Leaf AOX and LHCB2 protein amounts and their relation to EP_net in WT tobacco. (A) The negative relationship between LHCB2 protein amount and EP_net. (B) The positive relationship between AOX protein amount and EP_net. Plants were grown at 150 PPFD (circles), 400 PPFD (squares), or 700 PPFD (triangles) under well-watered conditions for 19 to 21 days, followed by water being withheld from the plants for up to an additional 8 days. At different times following the water being withheld, AOX and LHCB2 protein amounts, as well as the EP_net being experienced by the plant were determined. All protein amounts are relative to that of well-watered plants grown at 150 PPFD, which was set to 1. All data are the average ±SE of three independent experiments.

Fig. 7.

Changes in R_L and EP_sat as a function of growth irradiance and leaf water status in WT tobacco and transgenic tobacco lines with altered amounts of AOX protein. Plants were grown at 150 PPFD (A), 400 PPFD (B), or 700 PPFD (C) under well-watered conditions for 19 to 21 days, followed by water being withheld from the plants for up to an additional 6 days. At different times following the water being withheld, leaf R_L and EP_sat were determined. Data are shown for WT plants (gray circles), AOX overexpressors (black circles; half are B7, half are B8) and AOX knockdowns (white circles; half are RI9, half are RI29).
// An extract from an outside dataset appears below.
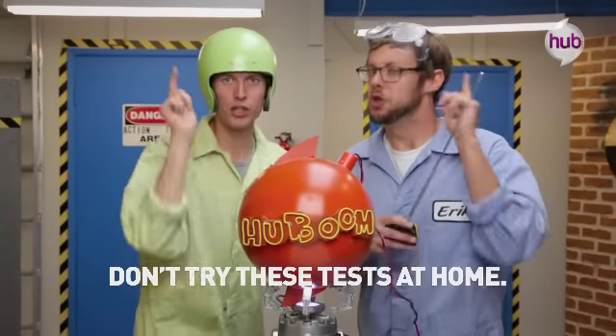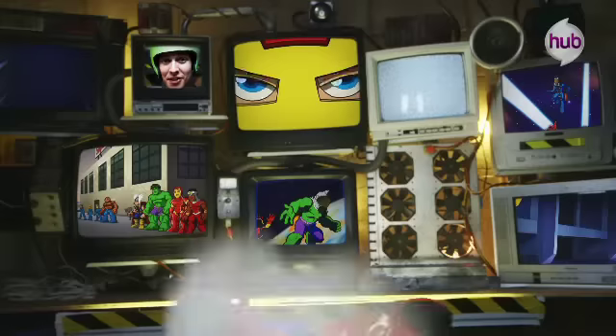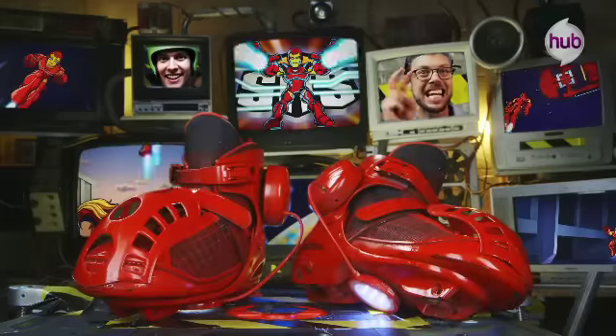We test it so you don't have to. Don't try this at home. Action! Test it! Today's experiment: Repulsor Boots Test 2.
The data points are compiled from three to five independent experiments.

Fig. 8.

A working model for the coordinated regulation of chloroplast and mitochondrial proteins that contribute toward chloroplast energy balance. In response to growth conditions that promote a high steady-state growth excitation pressure (EP_net), plants decrease (red arrow) chloroplast components such as LHCB2 that promote energy absorption, and increase (green arrow) mitochondrial components such as AOX that promote energy dissipation. These coordinated adjustments promote energy balance in the chloroplast by reducing electron flow into the PQ pool and increasing electron flow out of the PQ pool. This figure is highly simplified to highlight just those proteins quantified in this study (LHCB2, AOX). Many other processes also contribute toward chloroplast energy balance in response to growth conditions. PQ_ox, oxidized plastoquinone pool; PQ_red, reduced plastoquinone pool.